Check and check.  This book is intense.  Hmm....maybe that's not exactly the right word.  It's definitely a page-turner, but that seems too weak an adjective.  It's basically astounding.  How's that?  

I read hundreds of pages at a clip.  It's a little over 400 total, in case you're wondering.  But it didn't seem like it at all.  This is the story of Amy and Nick, a young, married couple who has moved from posh New York City to small-town Missouri to care for his ailing parents.  Although they put on a good front, the pair's marriage is in ruins, and pretty early in the story, something disastrous happens.

This novel is organized like few others I've encountered, moving from his point of view to hers, and told through dialogue, diary entries, and teen-girl-magazine quizzes (just bear with it).  It's more than a mystery or a thriller, I think.  It seems to be a razor-sharp study into the lengths a person could go to really teach someone a lesson.  You just have to decide who that someone is in this book.
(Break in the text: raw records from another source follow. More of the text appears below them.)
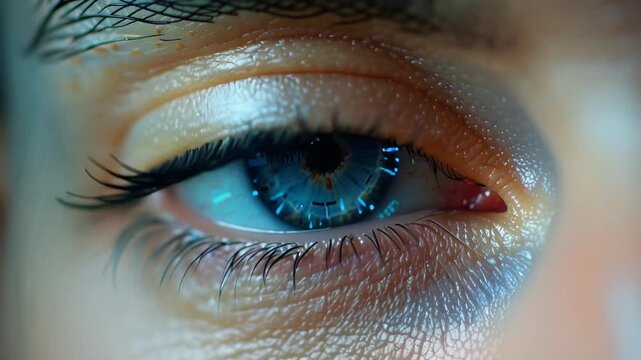 Close-up of a futuristic blue-lit eye with digital cursors circling the iris, pupil subtly contracting and dilating, lashes fluttering as the camera glides left to right with sharp, intense focus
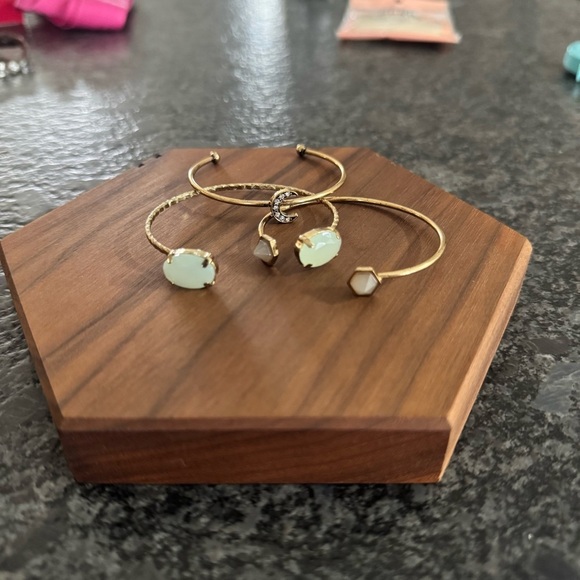 BOHO CUFF BRACELET BUNDLE WITH SEAGLASS GREEN AND MUDDY GRAY STONE & MOON DETAIL - Picture 4 of 4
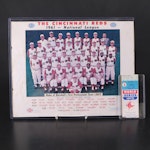 1975 World Series Ticket Stub with 1961 Cincinnati Reds Team Photograph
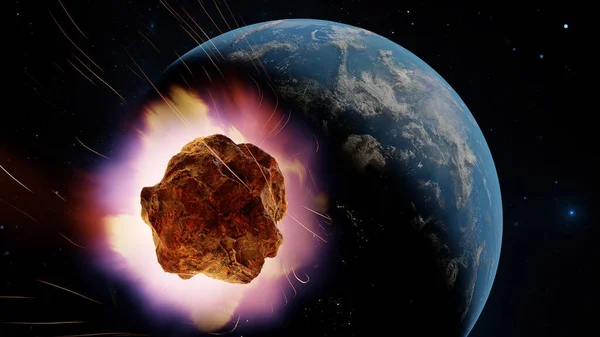 Göktaşı, kuyruklu yıldızın dünyaya düşmesi, kıyamet felaketi, tehlike göktaşı. Büyük ateşli kuyruklu yıldız uzayda Dünya 'ya doğru uçuyor. 3d hazırlayıcı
I'm not going to give away too much more, except to say that this is a must-read.  You'll be in for some memorable characters, twisted storylines, and even a few (dark) laughs.  As my friend Rachel would say--run, do not walk to get this book.

An example entry from Amy's diary (page 169) reads as follows:

I've got a calendar, and I put hearts on any day Nick seems to love me again, and black squares when he doesn't.  The past year was all black squares, pretty much.

Sunday, March 17, 2013

American Beauty

No, not the movie.  Although it's one of my favorites.  But the book--by Thom Filica.  I mentioned it whilst reviewing another of his books.  
This one is a bit different because it's not a bunch of before-and-afters.  Instead, it's one big makeover of a classic but weathered house by the Finger Lakes.
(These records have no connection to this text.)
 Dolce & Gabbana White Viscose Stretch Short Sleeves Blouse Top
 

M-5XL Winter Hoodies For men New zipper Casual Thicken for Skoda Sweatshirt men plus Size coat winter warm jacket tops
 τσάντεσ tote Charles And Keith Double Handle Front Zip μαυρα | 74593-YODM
After the first few sentences and photographs, I was hooked.  Hooked, I say.  And not just for the lake/fishing pun.  I tore through several chapters and followed along on the years-long journey that took Thom through refreshing this maison d'Americana.  (I just made that up.  It's not real French.)

Throughout the book and, of course, the house are several unifying elements.  Natural.  Nautical.  Local.  Decidedly unfussy.  If I had the resources, I would love to do a house very similar to this one.  Like that Thom, this one would put grasscloth on the walls and original hardwood on the floors.  I'd make symmetry a silent partner in my scheme.  The lighting would be thoughtful.  The powder room would be dramatic.  (There'd be a powder room.)  I'd hire awesome and native contractors and architects who could keep the original vision of the place.
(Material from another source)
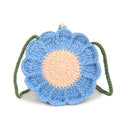 Hand-woven crochet bag with wool flowers in round suitcase shape with cotton lining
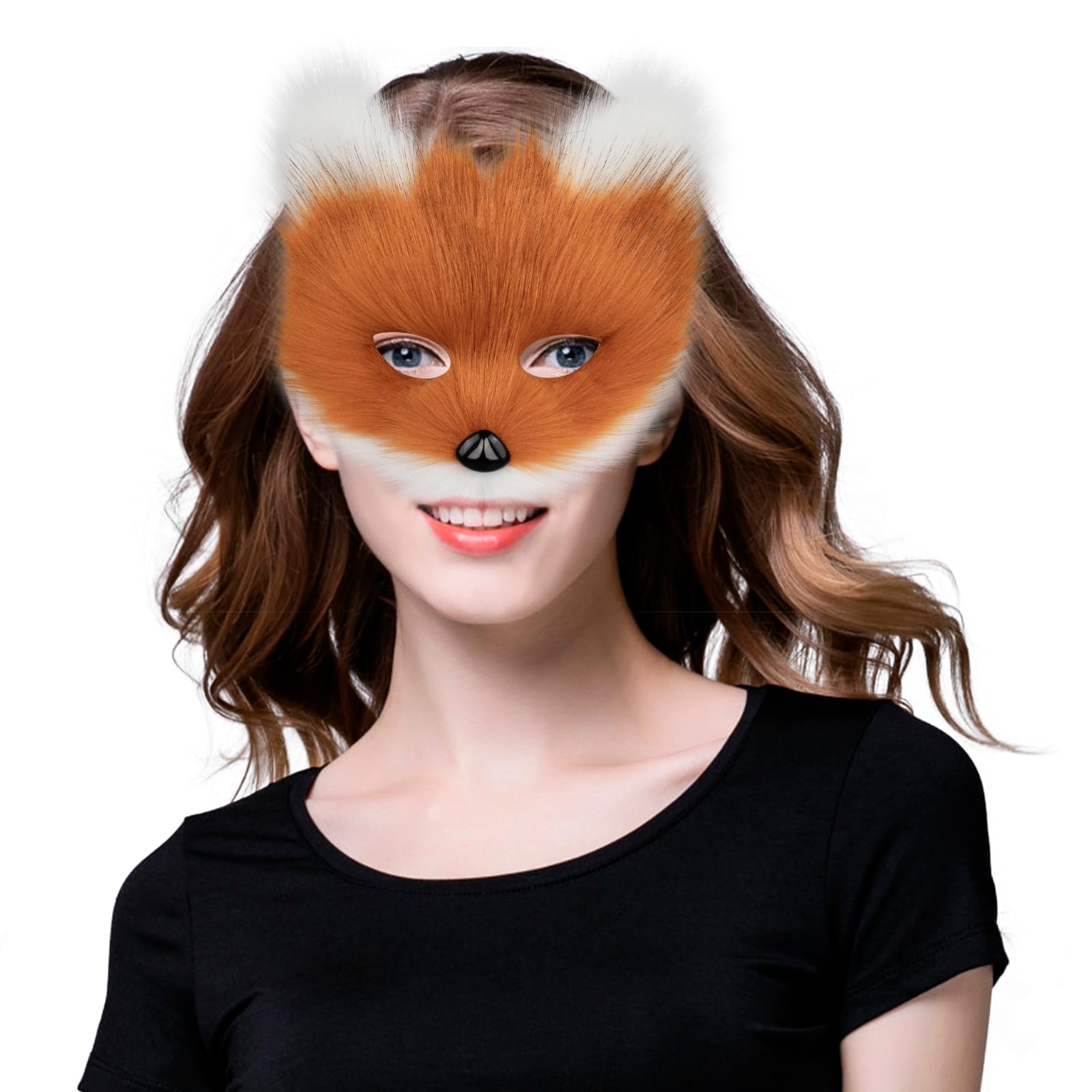 hbbhml Animal Fox Wolf Mask Halloween Party Cosplay Costumes Props Plush Cat Half Face Masks Carnival Christmas Masquerade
Like before, though, Mr. Filica gets a little bit self-promotional.  Who knew he had partnerships with companies that offer lamps, floor coverings, furniture, fabric, artwork, curtain hardware...  By the end the text gets a bit repetitive, too.  After 200 pages, I remember that the planks are run that way to invoke the feeling of being in a boat.  I remember that the stone around the fireplace inspired materials in other rooms.  And so on.  But they're really great ideas.  And this book is definitely worth a browse.  Try to catch it before we're in full-on summer mode.  It's definitely a cooler-weather book.

Here's what Thom thought of the house while planning its design (from page 54):

I was reminded of the beautiful librarian who takes off her glasses and lets her hair out of the bun and suddenly she's a looker.  It's the same woman.  She's just revealing who she really was to begin with.